Maximize development resources
AssetBook’s development team was spending lots of time debugging and supporting their own version of the XIRR function which ran on SQL Server. The problems were compounded because AssetBook was using Excel’s version of XIRR to verify their own results and Excel’s XIRR function had known issues they needed to work around. In addition, due to the evolution of the application architecture, AssetBook was looking for a product that had a common calculation engine whether running as a native CLR on SQL Server or running as a DLL on a .NET application server. XLeratorDB met all their needs: XLeratorDB does the hard work around XIRR and it fit easily into the Radar system because it is offered either as a CLR function on the database or as a .NET DLL.
Rock solid XIRR results
Per Michael Petersheim of the AssetBook development team, XLeratorDB’s results for XIRR were “rock solid”. Now instead of spending limited development time debugging their own version of XIRR or stepping customers through the calculations, they could concentrate on other development priorities, including enhancing the product to meet their customers’ evolving needs.
Easy to implement and integrate
It took AssetBook less than three weeks to do its due diligence testing and confirm that XLeratorDB’s XIRR results were good. From there, it was only another 3-4 weeks until they had deployed XLeratorDB in production.
AssetBook’s development team also appreciated the flexibility of Westclintech offering two distinct versions of the XLeratorDB product which uses the same calculation engine. AssetBook could use it either as a CLR function running on SQL Server or as a .NET DLL running on a Windows application server. Although many times it is more efficient to run the XIRR calculations natively on the database server, AssetBook had some unique architectural requirements including doing lots of asynchronous / parallel processing of the data on the application server. This was necessary to support the inherent flexible nature of its Radar portfolio management system. AssetBook was happy with the flexibility offered by the XLeratorDB product versions.
AssetBook also found it very easy to use XLeratorDB as they migrated from a smaller, regional hosting provider to virtual SQL Server machines running in the Microsoft Azure cloud.
Even though XLeratorDB contains many other financial functions, including FV, NPER, and PMT, AssetBook determined it saved them so much time that it was worthwhile to purchase the product only for the XIRR functionality.
Great support
AssetBook had a few questions when they were initially using XLeratorDB and Michael said the support from Westclintech was “superb”. Westclintech’s XLeratorDB team has 50+ years of experience building, implementing, and supporting financial services software. Michael said the Westclintech spoke their language and understood their challenges all the while providing quick responses to their questions.

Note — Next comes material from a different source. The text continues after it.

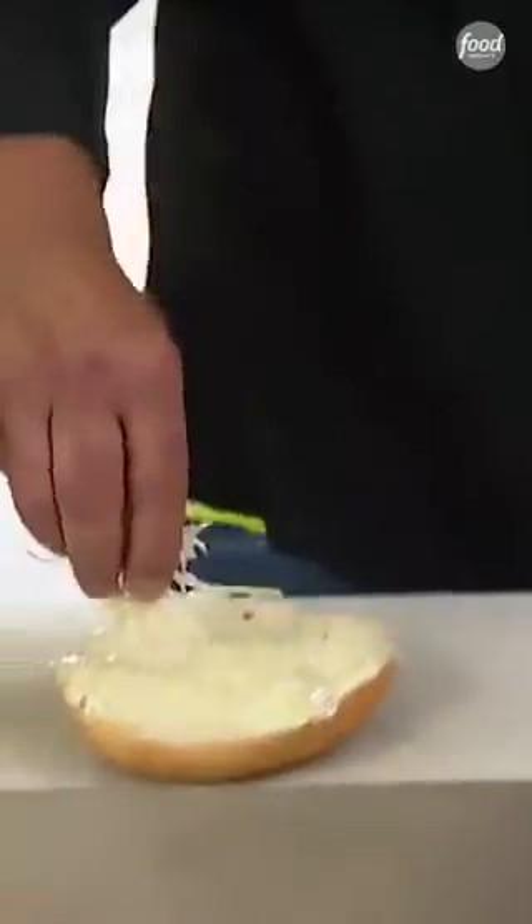We have our bread made for us. We're going to put some butter on that, Parmesan, put it right across there.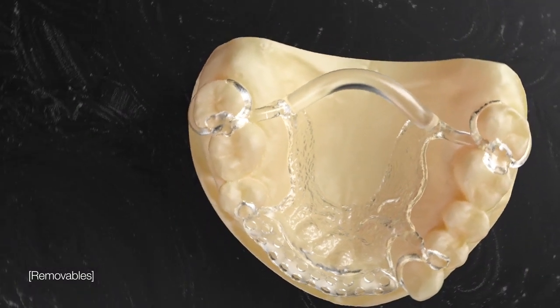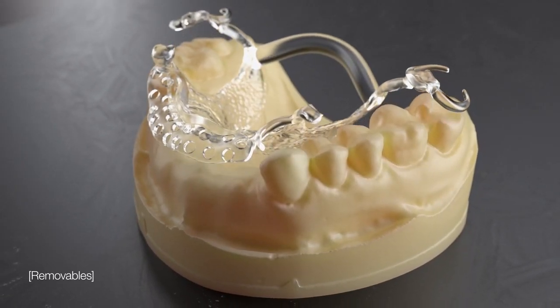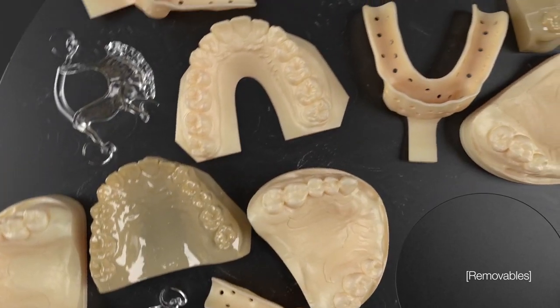Outperform traditional dentistry and automate the process of cast chrome partials. Reduce patient visits and resets, thanks to highly precise printed frameworks that can be printed with models simultaneously.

AssetBook wanted to focus its development resources on enhancing the Radar system to meet its customers’ evolving needs and didn’t want to spend time debugging / supporting its own CLR version of the XIRR function. AssetBook was very happy they found the XLeratorDB from Westclintech whose XIRR function was easy to implement (either as a CLR function or as a DLL), produced rock solid results, and was supported by a knowledgeable and responsive support team.